That has an entirely different approach to what this is.
Instead, I'm looking at logical consistency and comprehension.


~hmm~ Let's just say that parts of what you wrote in the OP as well as other comments left me with a different impression. And even in the post that I'm now answering to you are making references to "logical consistency" with regards to a (seemingly) more continuous flow of actions vs. sudden bursts of "explosive" action within the modeled time slots of the Combat Sequence. Personally I'm considering such attempts as something that relates to the overall "realism" of the model.

QUOTE (Stumps)
By logical consistency, it means there is a continuity more often than not; that play flow is not sharp stop and start points with massive gaps and bursts of activity.
I am having a difficult time thinking of a moment where '2.5' has inconsistent flows of actions which would produce as drastically of an odd picture in the minds eye as SR2 or SR3.
Perhaps you could paint an image of one?


Whenever I have to deal with attempts of altering initiative and time flow gets mentioned I have to think of one particular example that originates from the SR2 initiative system and then look how it turns out in the proposed system. Fair warning ... the situation is more of an edge case than the norm ... but not necessarily totally "out of the way" either:

We have a human street samurai with a deliberately maxed initiative, so we're talking a base Reaction of 11[19] and a total of 5 initiative dice. Such a character is possible as starting character in SR3 and isn't even fully maximized. Now when looking at his average initiative score you'll see him quite firmly around 36 (rounded down) and thus causing 4 initiative passes under SR2, SR3 and in your system. On the other side we'll put a non-augmented just above average human who is unlucky enough to be the guard on duty who encounters the samurai when the latter happens to come around a corner within a distance of about 6 meters. The guard's Reaction is 4 and he has 1 initiative die which will bring him to an average initiative score of 7 (rounded down as well).

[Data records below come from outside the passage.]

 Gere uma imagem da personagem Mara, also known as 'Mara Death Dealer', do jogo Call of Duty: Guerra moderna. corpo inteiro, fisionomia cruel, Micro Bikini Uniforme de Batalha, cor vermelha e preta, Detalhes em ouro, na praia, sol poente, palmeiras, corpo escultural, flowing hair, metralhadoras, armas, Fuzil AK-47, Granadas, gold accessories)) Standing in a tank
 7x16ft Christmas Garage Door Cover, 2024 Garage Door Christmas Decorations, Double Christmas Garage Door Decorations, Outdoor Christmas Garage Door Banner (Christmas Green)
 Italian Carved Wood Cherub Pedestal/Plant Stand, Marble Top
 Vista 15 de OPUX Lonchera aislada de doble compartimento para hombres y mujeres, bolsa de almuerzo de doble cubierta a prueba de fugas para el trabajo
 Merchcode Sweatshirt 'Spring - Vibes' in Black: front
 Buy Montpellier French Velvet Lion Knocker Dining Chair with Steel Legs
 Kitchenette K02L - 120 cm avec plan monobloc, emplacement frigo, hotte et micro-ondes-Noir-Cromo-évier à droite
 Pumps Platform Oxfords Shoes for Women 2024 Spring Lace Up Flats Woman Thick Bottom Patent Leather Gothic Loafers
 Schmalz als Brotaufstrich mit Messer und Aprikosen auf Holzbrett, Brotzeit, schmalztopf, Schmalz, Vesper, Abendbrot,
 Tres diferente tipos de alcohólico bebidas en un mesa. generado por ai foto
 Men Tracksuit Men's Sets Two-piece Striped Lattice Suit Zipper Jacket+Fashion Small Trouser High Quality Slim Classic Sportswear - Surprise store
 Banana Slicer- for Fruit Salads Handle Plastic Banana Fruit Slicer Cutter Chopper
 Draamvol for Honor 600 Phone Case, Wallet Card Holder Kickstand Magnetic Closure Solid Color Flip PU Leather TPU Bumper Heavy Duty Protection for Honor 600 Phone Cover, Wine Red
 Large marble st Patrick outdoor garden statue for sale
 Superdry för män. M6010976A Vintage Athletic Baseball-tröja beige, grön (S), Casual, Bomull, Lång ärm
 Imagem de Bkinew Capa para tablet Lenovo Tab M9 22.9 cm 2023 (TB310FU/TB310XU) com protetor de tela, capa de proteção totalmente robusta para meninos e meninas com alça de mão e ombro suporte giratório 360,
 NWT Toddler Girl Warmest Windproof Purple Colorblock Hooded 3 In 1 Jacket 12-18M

Now quite obviously the first thing this situation causes is a surprise test. But I guess I don't have to go into the math of showing that - under SR3 rules for surprise - our guard will end up with the following limitations: The guard's first action (which entails either two simple or one complex action) in the Combat Turn cannot attack or take any other direct action against the samurai that would impede or counteract the samurai's actions and he cannot use Combat Pool to defend against attacks from the samurai during the first Combat Turn. In other words: The guy is pretty much toast.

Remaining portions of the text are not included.